Gupta, Ravi R. and Kuhlmann, Steve and Kovacs, Eve and Spinka, Harold and Kessler, Richard and Goldstein, Daniel A. and Liotine, Camille and Pomian, Katarzyna and D'Andrea, Chris B. and Sullivan, Mark and Carretero, Jorge and Castander, Francisco J. and Nichol, Robert C. and Finley, David A. and Fischer, John A. and Foley, Ryan J. and Kim, Alex G. and Papadopoulos, Andreas and Sako, Masao and Scolnic, Daniel M. and Smith, Mathew and Tucker, Brad E. and Uddin, Syed and Wolf, Rachel C. and Yuan, Fang and Abbott, Tim M. C. and Abdalla, Filipe B. and Benoit-Lévy, Aurélien and Bertin, Emmanuel and Brooks, David and Carnero Rosell, Aurelio and Carrasco Kind, Matias and Cunha, Carlos E. and da Costa, Luiz N. and Desai, Shantanu and Doel, Peter and Eifler, Tim F. and Evrard, August E. and Flaugher, Brenna and Fosalba, Pablo and Gaztañaga, Enrique and Gruen, Daniel and Gruendl, Robert and James, David J. and Kuehn, Kyler and Kuropatkin, Nikolay and Maia, Marcio A. G. and Marshall, Jennifer L. and Miquel, Ramon and Plazas, Andrés A. (2016) Host Galaxy Identification for Supernova Surveys.
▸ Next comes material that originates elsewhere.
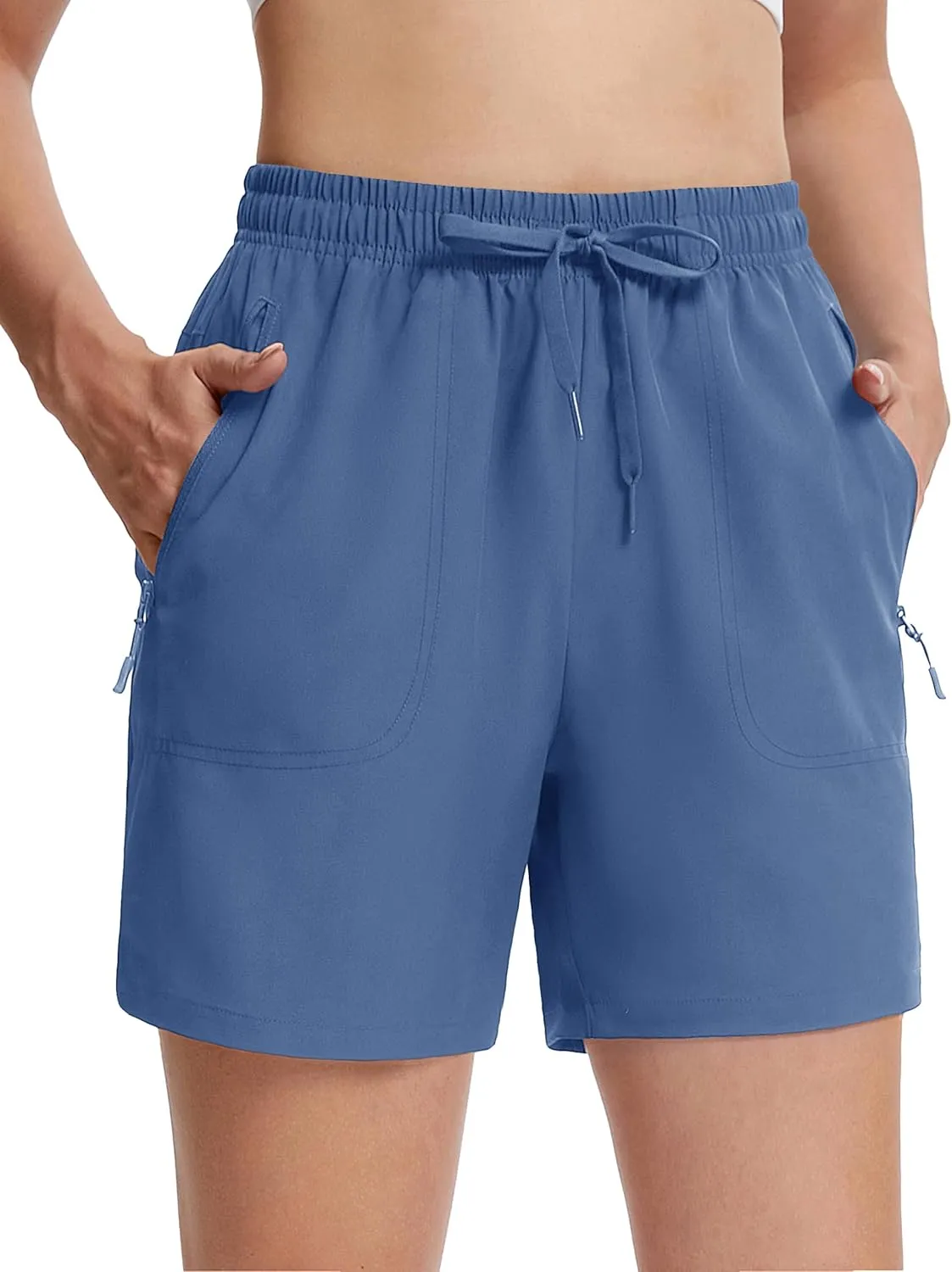 TACVASEN Women's 5'' Hiking Shorts Quick Dry Golf Lightweight UPF50  Athletic Shorts Summer Water Resistant Zipper Pockets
The Astronomical Journal, 152 (6): 154. ISSN 0004-6256
Full text not available from this repository.Abstract
Host galaxy identification is a crucial step for modern supernova (SN) surveys such as the Dark Energy Survey and the Large Synoptic Survey Telescope, which will discover SNe by the thousands. Spectroscopic resources are limited, and so in the absence of real-time SN spectra these surveys must rely on host galaxy spectra to obtain accurate redshifts for the Hubble diagram and to improve photometric classification of SNe. In addition, SN luminosities are known to correlate with host-galaxy properties. Therefore, reliable identification of host galaxies is essential for cosmology and SN science. We simulate SN events and their locations within their host galaxies to develop and test methods for matching SNe to their hosts. We use both real and simulated galaxy catalog data from the Advanced Camera for Surveys General Catalog and MICECATv2.0, respectively. We also incorporate “hostless” SNe residing in undetected faint hosts into our analysis, with an assumed hostless rate of 5%. Our fully automated algorithm is run on catalog data and matches SNe to their hosts with 91% accuracy. We find that including a machine learning component, run after the initial matching algorithm, improves the accuracy (purity) of the matching to 97% with a 2% cost in efficiency (true positive rate). Although the exact results are dependent on the details of the survey and the galaxy catalogs used, the method of identifying host galaxies we outline here can be applied to any transient survey.